• [Work to be completed]: Find the line containing "XSD Diagram of". Reproduce it and every line after it up to the end of the records, exactly as written.

• [Data extracts]:

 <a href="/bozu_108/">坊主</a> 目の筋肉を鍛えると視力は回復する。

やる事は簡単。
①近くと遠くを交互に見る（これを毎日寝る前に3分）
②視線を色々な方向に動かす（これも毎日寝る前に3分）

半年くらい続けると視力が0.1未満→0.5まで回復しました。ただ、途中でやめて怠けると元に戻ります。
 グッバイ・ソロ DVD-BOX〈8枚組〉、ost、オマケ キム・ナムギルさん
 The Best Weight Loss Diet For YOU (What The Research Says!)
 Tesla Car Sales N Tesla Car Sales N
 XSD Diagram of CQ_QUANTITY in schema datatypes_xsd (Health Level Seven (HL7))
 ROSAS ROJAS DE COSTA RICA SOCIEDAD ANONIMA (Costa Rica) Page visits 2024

• [Result below]:
 XSD Diagram of CQ_QUANTITY in schema datatypes_xsd (Health Level Seven (HL7))
 ROSAS ROJAS DE COSTA RICA SOCIEDAD ANONIMA (Costa Rica) Page visits 2024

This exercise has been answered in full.